**WHAT IS NEEDED:**
Leave out any pictures and transcribe all other data below exactly.

╭─ INFORMATION SUPPLIED

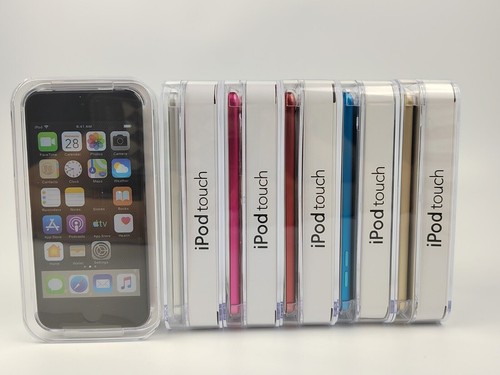 Nuovo apple ipod touch - apple, 5a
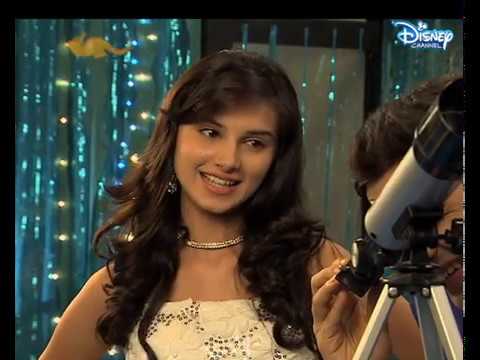 Oye Jassie | Episode 18 | Disney Channel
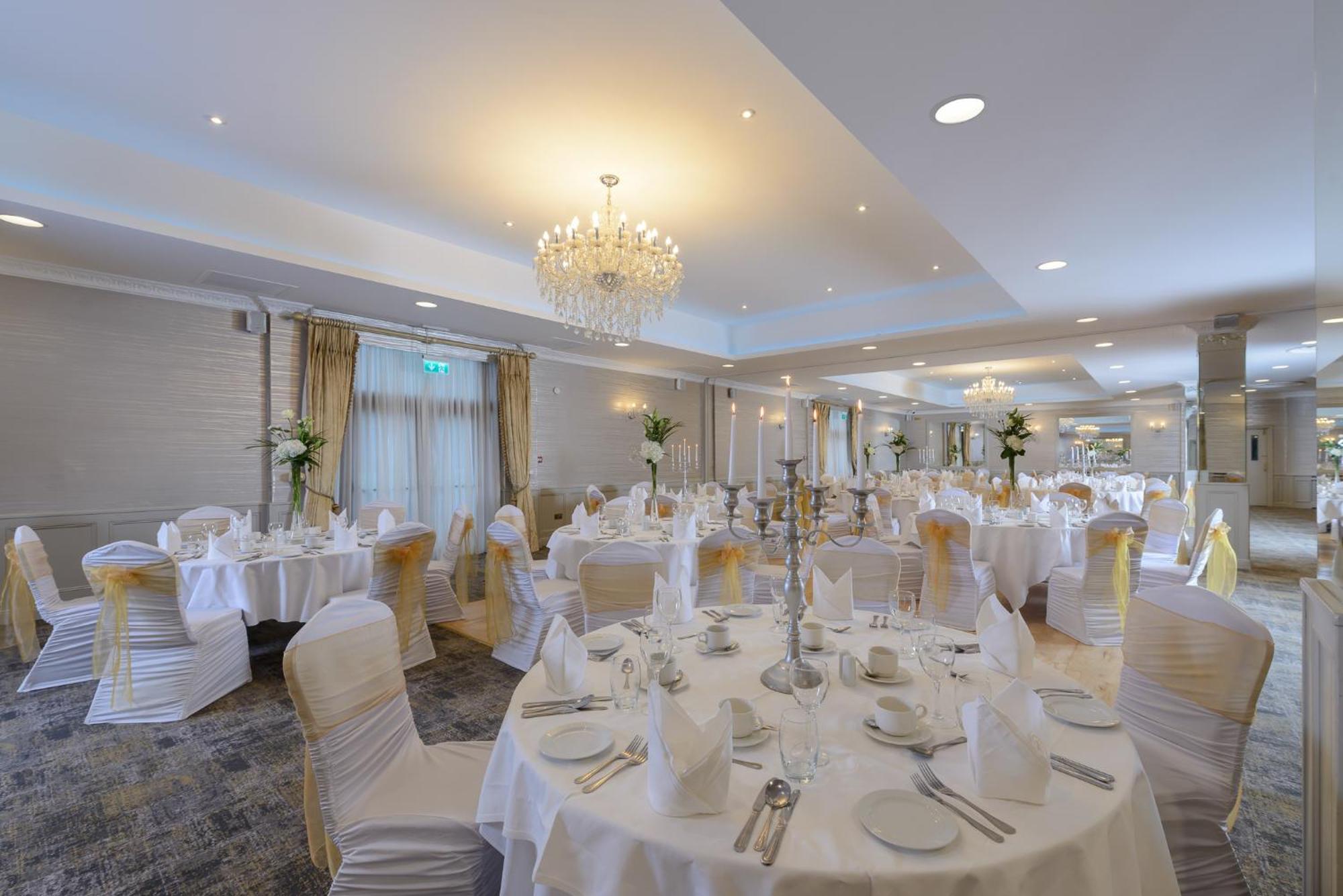 Clybaun Hotel Galway Exterior photo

╰─

**RESPONSE TO THIS EXERCISE:**
 Nuovo apple ipod touch - apple, 5a
 Oye Jassie | Episode 18 | Disney Channel
 Clybaun Hotel Galway Exterior photo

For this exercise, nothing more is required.